------ MATERIAL FOR THIS TASK
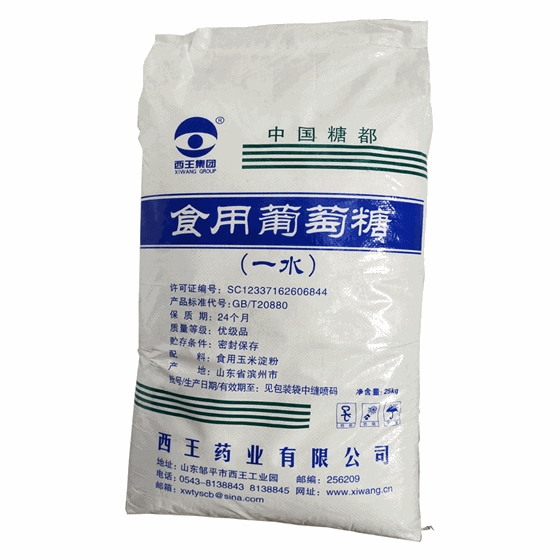 水處理(lǐ)使用葡(pú)萄糖的(de)優勢及(jí)注意事(shi)項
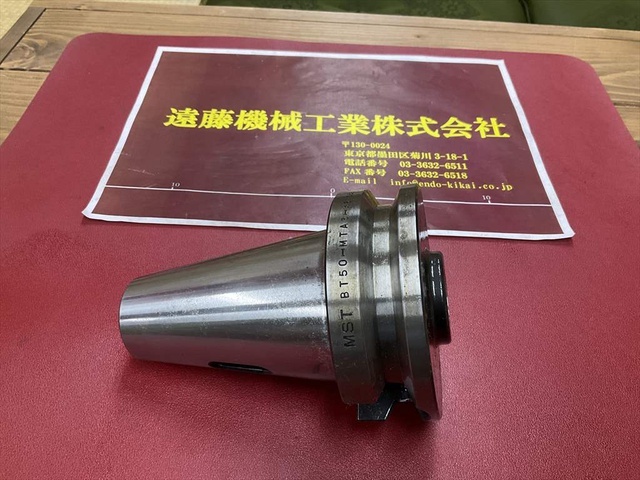 MST BT50-MTA3-45 BT51 Image 1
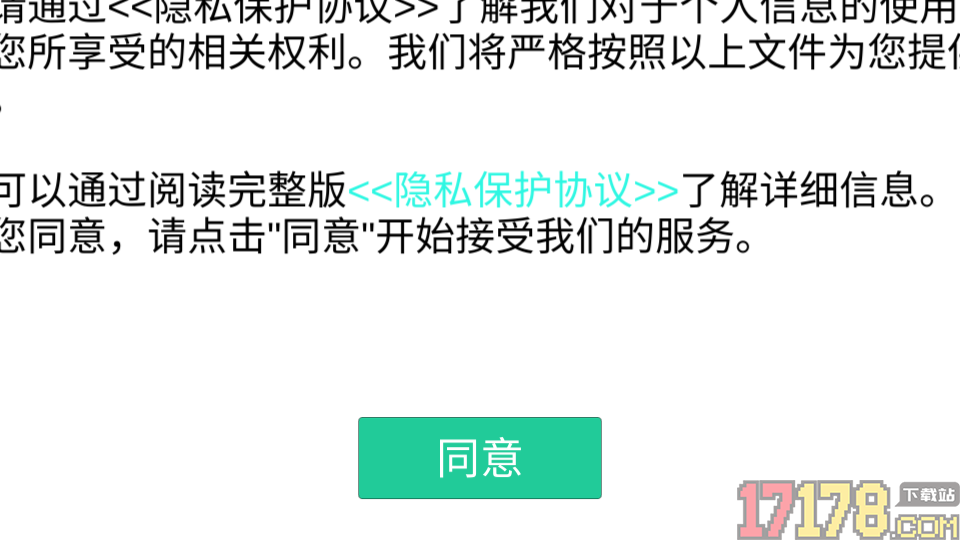 3D昆虫记官网版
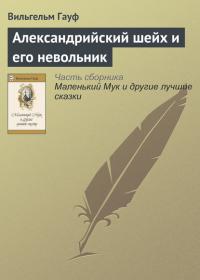 Александрийский шейх и его невольники, audiobook Вильгельма Гауфа. ISDN22472866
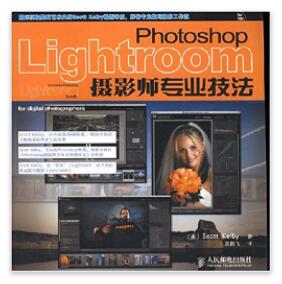 图书网：Photoshop Lightroom摄影师专业技法pdf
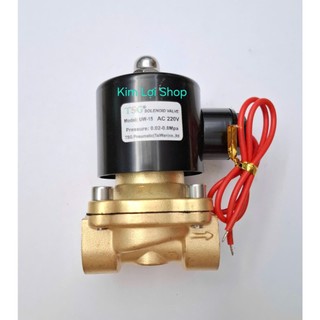 Van điện từ UW-15 ( van điện từ ren 21mm )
------------
_BRIEF_
An acceptable answer holds exactly the lines from the one with "MST BT50-MTA3-45 BT51 Image 1" through the end of the entries above, both ends kept, and no pictures at all.

_ANSWER SECTION_
 MST BT50-MTA3-45 BT51 Image 1
 3D昆虫记官网版
 Александрийский шейх и его невольники, audiobook Вильгельма Гауфа. ISDN22472866
 图书网：Photoshop Lightroom摄影师专业技法pdf
 Van điện từ UW-15 ( van điện từ ren 21mm )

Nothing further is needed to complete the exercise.